You see, I have a confession. I’m a millennial. I like avocados, working freelance and posting the occasional selfie because, hey, have you ever seen someone in this much debt look this good?
Like others of my generation, the regular trappings of adulthood – marriage, home ownership, children, a pension – seem increasingly out of reach. But if that version of adulthood is impossible, then it’s time to invent a new one – a task that falls to me. I am, after all, the only millennial in my family: my mum, the youngest of her lot, had me later in life, and until the arrival of this new bundle of joy, I remained the youngest.
I am determined to set an example for my new nephew, and demonstrate that this version of adulthood is both acceptable and achievable. It is time for me to shed my generation’s reputation as eternal adolescents and rise to the challenge.
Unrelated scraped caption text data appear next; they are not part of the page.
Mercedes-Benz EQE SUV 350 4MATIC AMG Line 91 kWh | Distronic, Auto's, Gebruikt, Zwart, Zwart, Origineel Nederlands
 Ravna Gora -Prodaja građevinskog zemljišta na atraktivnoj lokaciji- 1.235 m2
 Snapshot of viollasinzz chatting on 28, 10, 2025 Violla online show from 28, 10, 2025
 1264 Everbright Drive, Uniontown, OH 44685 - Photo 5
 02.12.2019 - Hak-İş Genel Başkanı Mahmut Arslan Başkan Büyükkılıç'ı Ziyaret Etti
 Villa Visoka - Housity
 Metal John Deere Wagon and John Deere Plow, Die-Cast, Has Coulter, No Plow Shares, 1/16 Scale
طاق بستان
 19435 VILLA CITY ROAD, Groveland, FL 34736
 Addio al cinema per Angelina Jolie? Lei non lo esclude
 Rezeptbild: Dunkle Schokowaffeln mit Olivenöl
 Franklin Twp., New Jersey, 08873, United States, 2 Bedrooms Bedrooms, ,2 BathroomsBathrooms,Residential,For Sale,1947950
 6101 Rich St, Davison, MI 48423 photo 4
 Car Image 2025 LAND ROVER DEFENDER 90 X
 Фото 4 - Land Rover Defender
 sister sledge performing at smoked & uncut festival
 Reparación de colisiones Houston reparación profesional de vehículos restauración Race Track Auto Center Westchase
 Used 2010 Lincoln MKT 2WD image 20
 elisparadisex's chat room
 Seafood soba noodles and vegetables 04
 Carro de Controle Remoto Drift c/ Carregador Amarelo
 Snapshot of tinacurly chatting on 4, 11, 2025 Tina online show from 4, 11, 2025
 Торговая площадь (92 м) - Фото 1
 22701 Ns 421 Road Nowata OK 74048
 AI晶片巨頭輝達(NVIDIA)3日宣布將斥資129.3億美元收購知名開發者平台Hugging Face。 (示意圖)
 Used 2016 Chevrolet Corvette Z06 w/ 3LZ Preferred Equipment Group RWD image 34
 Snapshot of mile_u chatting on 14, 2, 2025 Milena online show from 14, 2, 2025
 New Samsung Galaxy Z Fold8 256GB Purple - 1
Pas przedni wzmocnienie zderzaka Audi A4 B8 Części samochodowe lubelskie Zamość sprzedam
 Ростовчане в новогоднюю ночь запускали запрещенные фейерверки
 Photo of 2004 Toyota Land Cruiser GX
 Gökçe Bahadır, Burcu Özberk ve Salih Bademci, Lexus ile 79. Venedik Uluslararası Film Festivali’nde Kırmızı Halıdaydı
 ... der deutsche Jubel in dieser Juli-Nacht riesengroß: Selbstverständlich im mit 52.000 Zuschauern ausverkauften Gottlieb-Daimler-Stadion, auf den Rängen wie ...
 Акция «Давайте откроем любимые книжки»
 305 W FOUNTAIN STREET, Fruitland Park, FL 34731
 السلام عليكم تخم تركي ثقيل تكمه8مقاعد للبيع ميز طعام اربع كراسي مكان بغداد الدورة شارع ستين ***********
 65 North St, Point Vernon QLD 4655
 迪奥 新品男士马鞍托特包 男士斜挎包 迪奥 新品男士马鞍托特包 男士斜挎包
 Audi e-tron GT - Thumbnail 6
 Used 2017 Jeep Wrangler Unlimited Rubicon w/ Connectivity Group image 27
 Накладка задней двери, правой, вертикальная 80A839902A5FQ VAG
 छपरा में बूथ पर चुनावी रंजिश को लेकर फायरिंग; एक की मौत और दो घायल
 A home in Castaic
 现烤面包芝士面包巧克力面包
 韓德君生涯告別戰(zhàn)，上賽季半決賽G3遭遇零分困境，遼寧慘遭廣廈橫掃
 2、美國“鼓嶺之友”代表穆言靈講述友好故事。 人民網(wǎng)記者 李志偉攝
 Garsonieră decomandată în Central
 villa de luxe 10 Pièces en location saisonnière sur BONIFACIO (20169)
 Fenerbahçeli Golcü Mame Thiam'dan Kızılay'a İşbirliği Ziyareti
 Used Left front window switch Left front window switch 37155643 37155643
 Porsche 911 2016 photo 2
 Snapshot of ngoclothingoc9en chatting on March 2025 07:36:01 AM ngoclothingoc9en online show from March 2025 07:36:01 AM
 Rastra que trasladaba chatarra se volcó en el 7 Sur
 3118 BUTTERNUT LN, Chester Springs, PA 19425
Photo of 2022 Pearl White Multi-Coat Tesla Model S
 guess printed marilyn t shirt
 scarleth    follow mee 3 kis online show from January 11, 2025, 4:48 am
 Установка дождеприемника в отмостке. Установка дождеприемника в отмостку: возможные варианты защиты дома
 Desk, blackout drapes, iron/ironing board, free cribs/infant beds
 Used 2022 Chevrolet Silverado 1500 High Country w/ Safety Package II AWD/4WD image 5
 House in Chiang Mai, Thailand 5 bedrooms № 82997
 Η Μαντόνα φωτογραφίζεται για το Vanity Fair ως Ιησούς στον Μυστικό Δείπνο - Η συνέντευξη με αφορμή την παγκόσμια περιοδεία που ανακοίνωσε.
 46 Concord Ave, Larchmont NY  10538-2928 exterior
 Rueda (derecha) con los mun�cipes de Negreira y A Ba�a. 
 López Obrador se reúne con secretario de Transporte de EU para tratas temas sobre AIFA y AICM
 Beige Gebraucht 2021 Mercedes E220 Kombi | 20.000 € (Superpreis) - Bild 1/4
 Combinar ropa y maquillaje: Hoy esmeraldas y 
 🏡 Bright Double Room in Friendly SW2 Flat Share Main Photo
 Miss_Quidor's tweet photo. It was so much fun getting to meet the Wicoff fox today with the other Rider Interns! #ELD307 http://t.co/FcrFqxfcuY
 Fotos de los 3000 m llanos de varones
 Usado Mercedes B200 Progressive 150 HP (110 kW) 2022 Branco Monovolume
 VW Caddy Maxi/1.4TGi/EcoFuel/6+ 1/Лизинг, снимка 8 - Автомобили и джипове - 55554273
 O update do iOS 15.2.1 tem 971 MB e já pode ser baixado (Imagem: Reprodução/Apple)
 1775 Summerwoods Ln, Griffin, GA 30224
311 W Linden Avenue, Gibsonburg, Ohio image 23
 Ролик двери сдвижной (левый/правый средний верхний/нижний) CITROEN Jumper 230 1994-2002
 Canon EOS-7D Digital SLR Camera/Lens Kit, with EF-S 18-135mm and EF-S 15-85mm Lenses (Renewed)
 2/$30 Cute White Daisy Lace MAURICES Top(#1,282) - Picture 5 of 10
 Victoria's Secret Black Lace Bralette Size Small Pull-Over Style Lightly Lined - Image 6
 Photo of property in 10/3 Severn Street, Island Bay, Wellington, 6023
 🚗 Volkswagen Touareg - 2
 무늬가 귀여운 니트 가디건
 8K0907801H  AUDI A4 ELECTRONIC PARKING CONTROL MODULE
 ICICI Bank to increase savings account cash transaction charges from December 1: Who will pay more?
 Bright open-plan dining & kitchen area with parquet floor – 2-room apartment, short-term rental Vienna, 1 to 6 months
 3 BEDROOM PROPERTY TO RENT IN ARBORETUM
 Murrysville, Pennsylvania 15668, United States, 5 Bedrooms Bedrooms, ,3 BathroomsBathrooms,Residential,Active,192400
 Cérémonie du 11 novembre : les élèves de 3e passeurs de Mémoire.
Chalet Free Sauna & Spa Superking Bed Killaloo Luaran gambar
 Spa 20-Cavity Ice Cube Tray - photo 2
But first, I will need to master a few things. I will need to learn to drive. I will need to be able to explain to my mum what I actually do for a living. It is time I embraced the great outdoors (my partner is very, very English and wants us to do more rural activities). I want to become punctual, and I would like to be able to swim (another thing my very, very English boyfriend likes is water, being near it and in it).
And then there’s the other stuff – the grownup stuff I don’t yet know I need to do – but which will undoubtedly involve a lot of queueing and being on hold.
Adulthood is a mysterious beast. Just when you think you’ve cracked it, it has some other little joker up its sleeve – a big soul-searching conundrum that can’t be fixed with a Topshop gift card. It’ll be a challenge and an adventure, and whether I’m up to it will depend on who you ask. (Friends: “Yes!” Mum: “Oh dear.”) But I’m ready to give it a go.